This past weekend we started wrapping up the meat-raising portion of our micro farm. Slaughtering time.
T'is a hard thing.
For thousands of years man has been raising and slaughtering his own animals. You'd think it would come rather simply and naturally with all that history behind it. It isn't so matter-of-fact. And it certainly isn't heartless and cold blooded.
Humble gratitude is how I described it on my facebook post.
My husband was a champion both in humane effectiveness and in vulnerable humbleness. We did our pig and culled a rabbit that had contracted pneumonia.
It wasn't our first animal harvest. We raised meat ducks a few years ago.

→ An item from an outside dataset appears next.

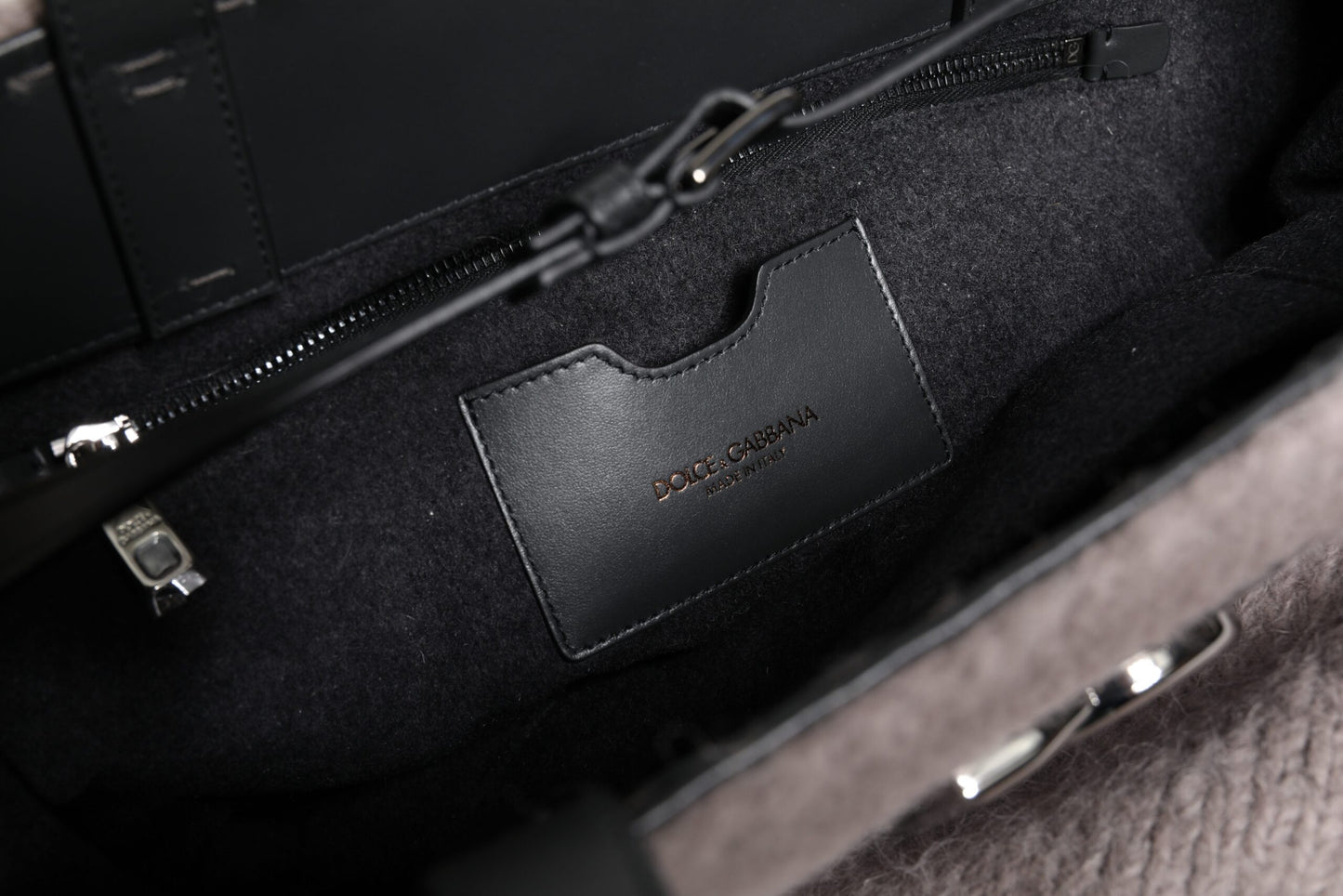 Dolce & Gabbana grijze tote schoudertas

But, this was more poignant. This was the first from our serious micro farming endeavors. This was our first large livestock and our first babies born and raised for such a purpose.
I prepared myself for the harvest, finding that balance that every thoughtful farmer and hunter has to. And as the deed was done, and some criticism from those around us fell upon our ears, I understood deeply that no one has any right to call a thoughtful farmer heartless, cruel, or inhumane.
In our forgetful and convenient modern world there is a place in between survival of the fittest and pet spas. You can lovingly and carefully raise an animal, slaughter it, and eat it without a hint of heartlessness. It is called animal husbandry, stewardship.
And it is teaching me to be more thoughtful, more heartfelt, more careful, more environmentally concerned, less wasteful, and yes, even less of a meat-eater. When your meat comes to you that slowly, over months of care, you learn to ration it more appropriately than just grabbing chicken nuggets out of the grocer's freezer and gobbling up as much as you want.
It is a hard thing, but it is a good thing.
UPDATE: My pig dressed out at 250 lbs! Not bad for the runt of the litter!